I can go on and on about this, but I guess you get the point here.
The Final Word
American TV shows are woven very deeply into the fabric of life in the country. The programs like the above silently program the wrong things about Bharatiya culture and Hindu Dharma, and about the people that belong to and practice these traditions. Ironically, this is happening at the same time that the entertainment industry is generally treating other cultures, religions and ethnic groups with greater sensitivity.
The direct implication from the kinds of shows outlined above are the creation of stereotypes about Hindu Americans as:
- Weak, both physically and mentally
- Nerdy and incredibly awkward
- Weird and exotic
These stereotypes only further perpetuate the negative representations of Hindu Americans that already exist in other mediums, such as textbooks.

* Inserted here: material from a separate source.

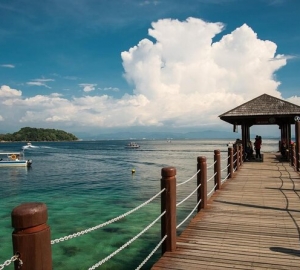 La maravillosa isla de Manukan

When Americans, especially children, are repeatedly bombarded with these types of messages from multiple directions, the indirect implication is poor self-esteem and shame for Hindu children, and in more extreme cases being the targets of harassment and bullying physically and/or on social media.
Apart from taking up the task of re-educating our kids and their friends to the reality about Hindu Dharma and Bharatiya culture, it is our collective responsibility to bring this to the attention of leaders in the media and entertainment to urge them to act more responsibly.